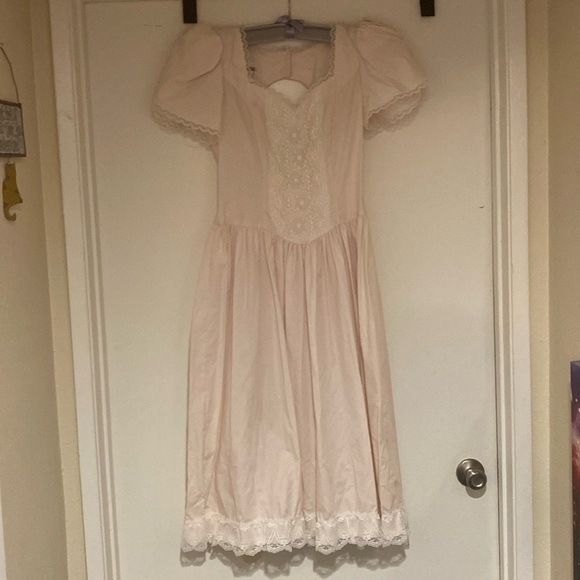 Gunne Sax Dresses & Skirts - Vintage Gunne Sax dress!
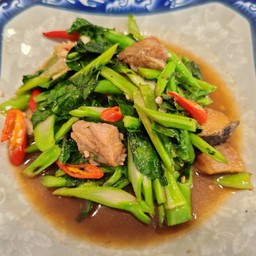 คะน้าปลาเค็ม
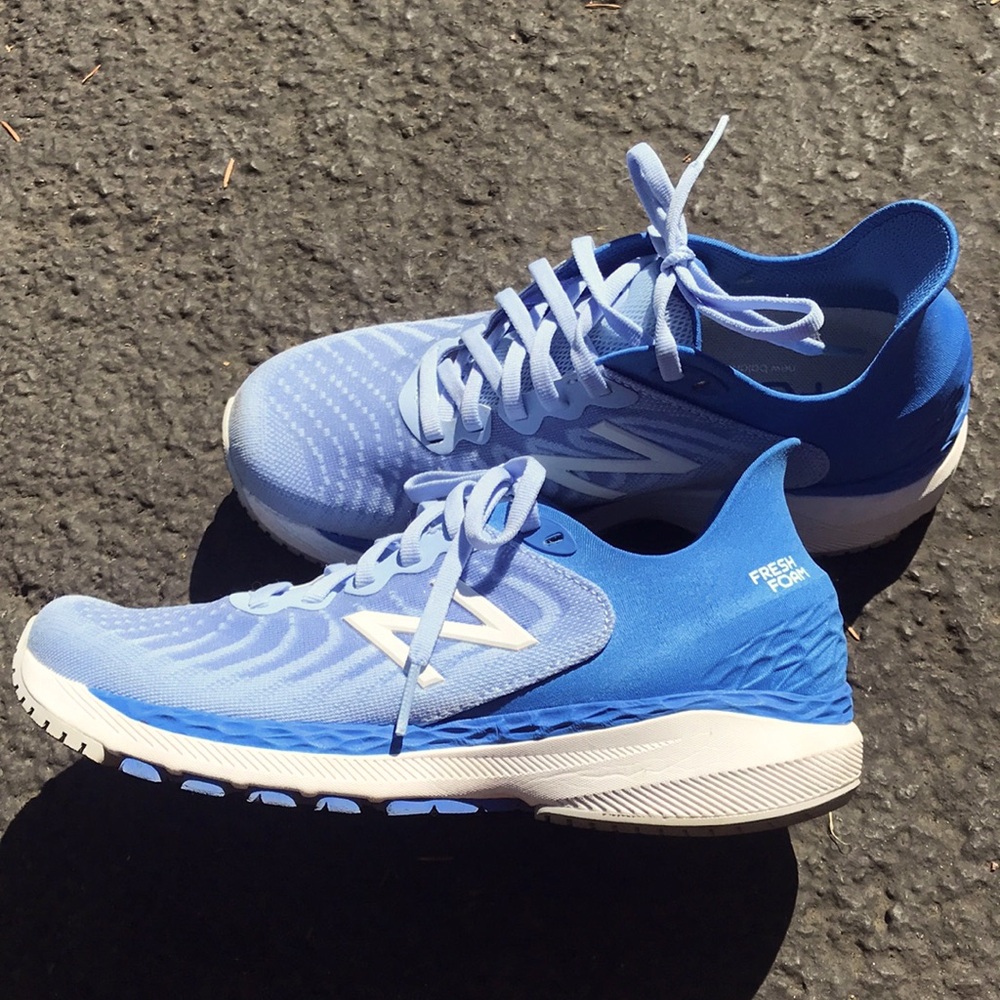 Women’s New Balance Gorgeous 2-Tone Blue size 7
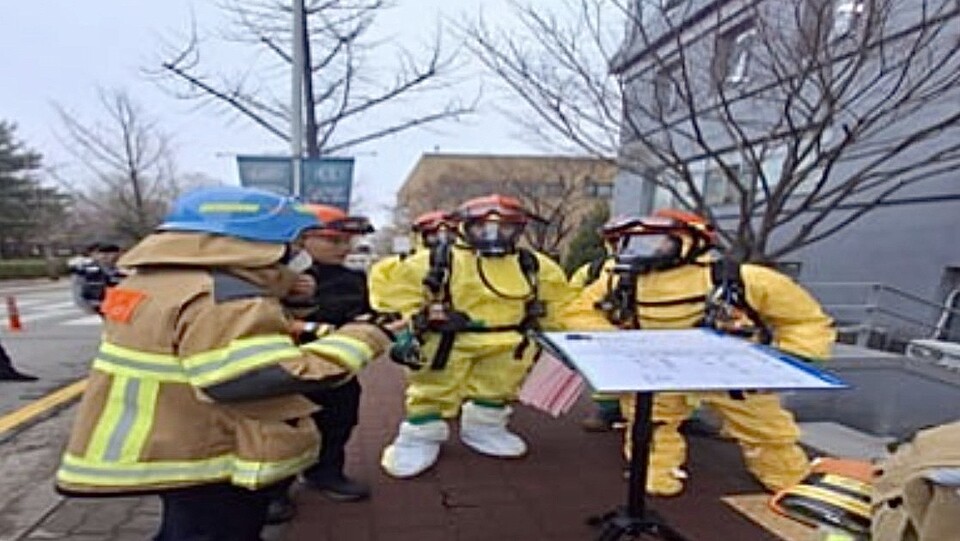 18일 오후 수원시 장안구 성균관대학교 교육연구시설 실험실에서 질산이 누출되는 사고가 발생해 10명이 경상을 입고 병원으로 이송됐다. (사진제공=경기도소방재난본부)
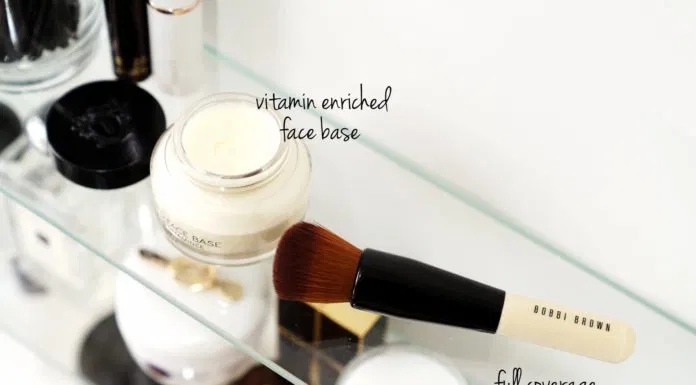 Bobbi Brown Vitamin Enriched Face Base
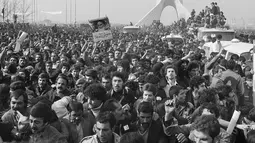 Iring-iringan pemimpin spiritual Iran, Ayatollah Khomeini berada di antara kerumunan pendukungnya dekat Bandara di Teheran, Iran. 1 Februari 1979. Rezim kerajaan Iran di bawah Shah runtuh pada 11 Februari 1979. (AP Photo/TA, File)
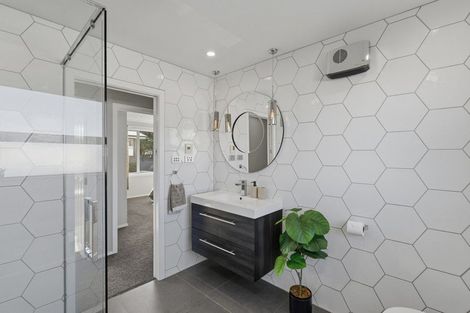 Photo of property in 86 Robertson Street, Gore, 9710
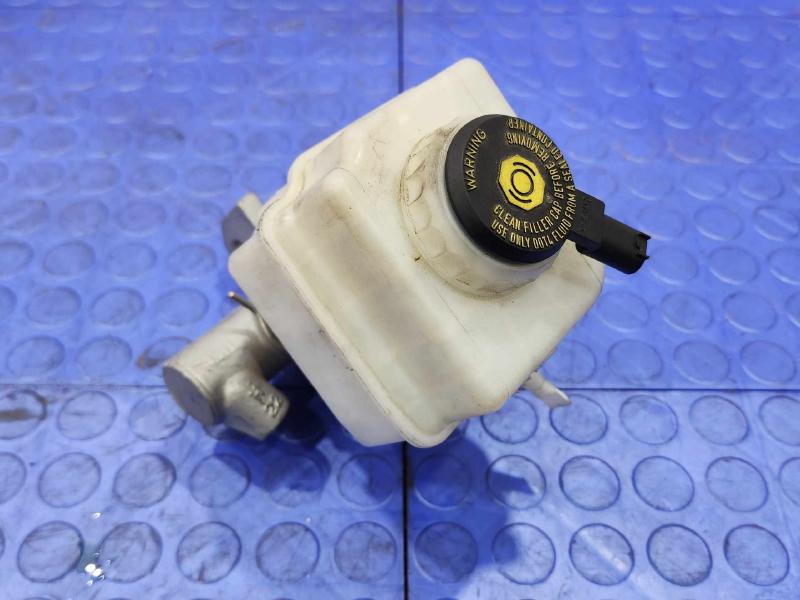 2016 BMW 528I Master Cylinder
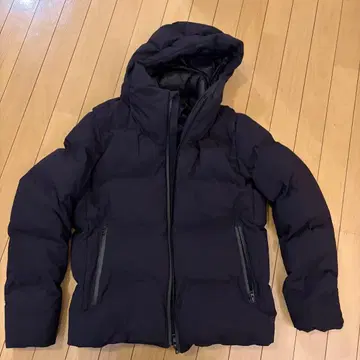 UNIQLO 심리스 다운 파카 블랙 M 사이즈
□ □ □ □ □
■ Work item ■
The response should repeat each record precisely and contain no pictures.

■ Written reply ■
 Gunne Sax Dresses & Skirts - Vintage Gunne Sax dress!
 คะน้าปลาเค็ม
 Women’s New Balance Gorgeous 2-Tone Blue size 7
 18일 오후 수원시 장안구 성균관대학교 교육연구시설 실험실에서 질산이 누출되는 사고가 발생해 10명이 경상을 입고 병원으로 이송됐다. (사진제공=경기도소방재난본부)
 Bobbi Brown Vitamin Enriched Face Base
 Iring-iringan pemimpin spiritual Iran, Ayatollah Khomeini berada di antara kerumunan pendukungnya dekat Bandara di Teheran, Iran. 1 Februari 1979. Rezim kerajaan Iran di bawah Shah runtuh pada 11 Februari 1979. (AP Photo/TA, File)
 Photo of property in 86 Robertson Street, Gore, 9710
 2016 BMW 528I Master Cylinder
 UNIQLO 심리스 다운 파카 블랙 M 사이즈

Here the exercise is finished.